### WORK ITEM:
Please print out the entries below unchanged and skip the images.

━━━ SOURCE RECORDS ━━━

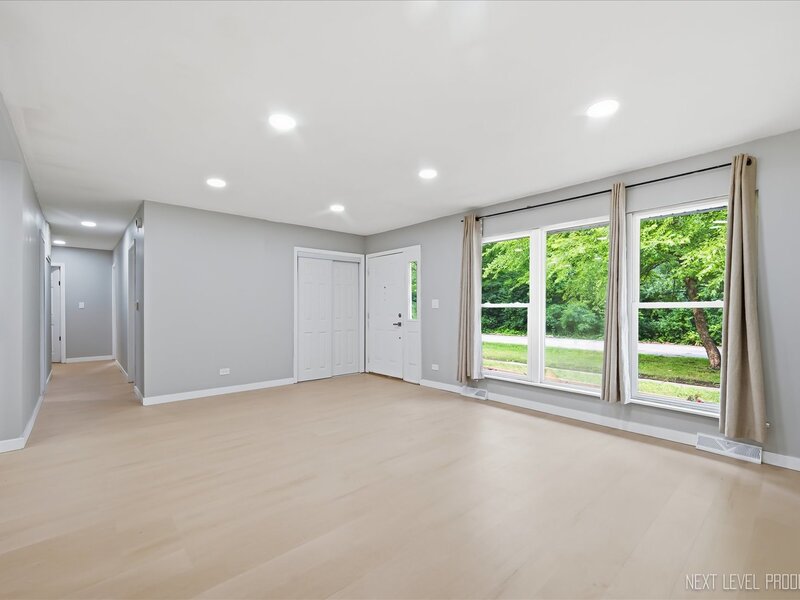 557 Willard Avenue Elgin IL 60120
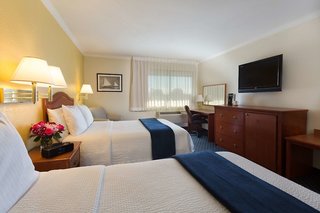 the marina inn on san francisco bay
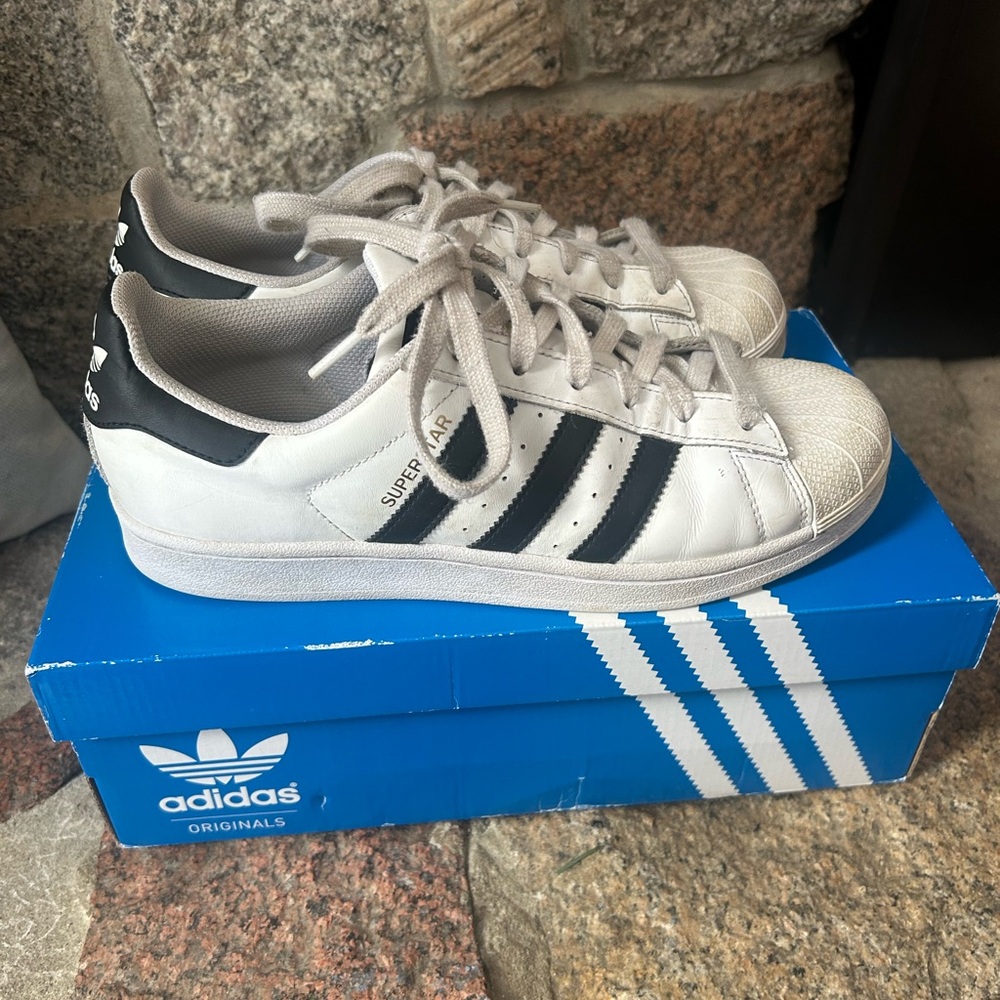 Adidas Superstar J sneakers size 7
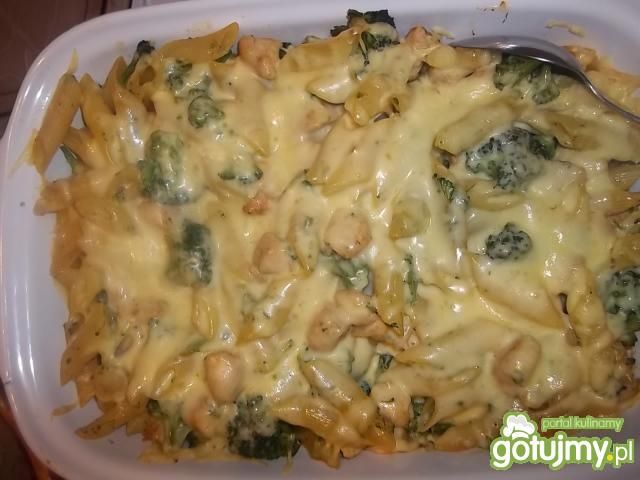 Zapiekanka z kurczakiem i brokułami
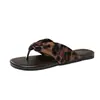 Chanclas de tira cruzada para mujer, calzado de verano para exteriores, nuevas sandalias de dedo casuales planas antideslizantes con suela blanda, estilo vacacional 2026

━━━

### OUTPUT FOR THIS EXERCISE:
 557 Willard Avenue Elgin IL 60120
 the marina inn on san francisco bay
 Adidas Superstar J sneakers size 7
 Zapiekanka z kurczakiem i brokułami
 Chanclas de tira cruzada para mujer, calzado de verano para exteriores, nuevas sandalias de dedo casuales planas antideslizantes con suela blanda, estilo vacacional 2026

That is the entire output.